En Cortázar convivieron varias realidades: la real, la fabulosa, la onírica, la disparatada. ¿Qué otra explicación podría darse a que le haya concedido el prólogo de su {opera prima –”Rayuela”- a aquel extravagante humorista que fue César Bruto? Ocurre que en introducción Bruto vuela dos veces. La primera, para despegar: “Me gustaría venirme golondrina para agarrar y volar a los paix adonde haiga calor...”, dice, en su lenguaje dislocado, que hoy podría considerarse de vanguardia.

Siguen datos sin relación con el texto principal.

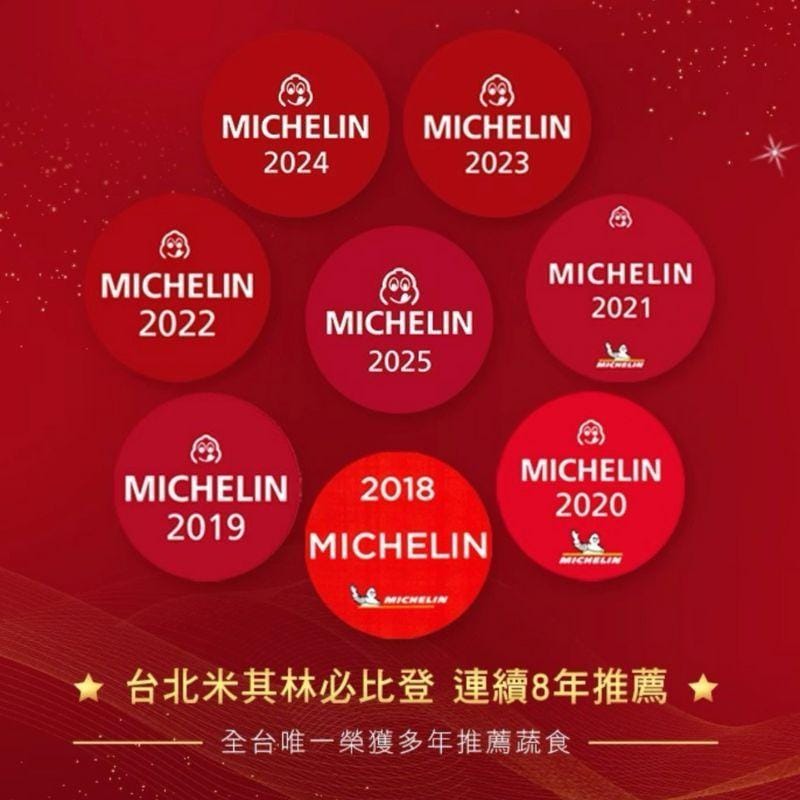 Serenity Crisps & Puffed Snacks CNY Serenity Vegetarian Set 5 Dishes Full Vegetarian (Frozen) CNY Serenity Vegetarian Set 5 Dishes Full Vegetarian (Frozen)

Y el segundo vuelo es cuando uno ya ha visto y vivido todo y entonces, concluye Bruto, “ha nadie ni nadies lo salva de acabar en el más espantoso tacho de basura del desprestigio humano, y nunca le van a dar una mano para sacarlo de adentro del fango en mundo entre el cual se revuelca, ni mas ni meno que si fuera un cóndor que cuando joven supo correr y volar por la punta de las altas montanias, pero que al ser viejo cayó parabajo como bombardero en picada que le falia el motor moral”.

VUELOS Y MAS VUELOS

Mary Poppins sedujo a millones cuando descendió del cielo con un paraguas y Peter Pan con su ubicuidad aérea sigue encandilando los ojos de millones de niños. Buena parte de la literatura infantil se desarrolla en la altura, entre las nubes, con personajes alados o provistos de poderes voladores.

En 1970 el escritor estadounidense Richard Bach (1936- ) escribió en forma de novela “Juan Sebastián Gaviota”, una pequeña e inocua fábula que en cuestión de semanas vendió millones de ejemplares en el mundo entero. Durante más de diez meses apareció como el libro más vendido en numerosos países. Fue como un libro de bitácora, pero aéreo, de una gaviota que aprendía a vivir y a volar.

Lo notable es que treinta años después, la escritora surcoreana Sun-Mi Hwang (1936- ) publicó “La gallina que soñaba con volar” , otra especie de fábula inspirada en el libro de Bach que se convirtió en un éxito inmediato, manteniéndose desde hace más de diez años en la lista de libros más vendidos en Corea del Sur y otros países. Fue traducido a más de una docena de idiomas y su argumento es sencillo: como lo dice el título, es la historia de una gallina que sueña con volar, que, pese a su pesadez, busca llegar con sus alas torpes a la libertad.

Pidió volar, pidió lo mismo un hombre bien metido en la tierra como Mario Benedetti (1920-2009): “No te rindas, aun estas a tiempo de alcanzar y comenzar de nuevo/, aceptar tus sombras, enterrar tus miedos, liberar el lastre, retomar el vuelo./ No te rindas que la vida es eso, continuar el viaje, perseguir tus sueños/, destrabar el tiempo, correr los escombros y destapar el cielo”.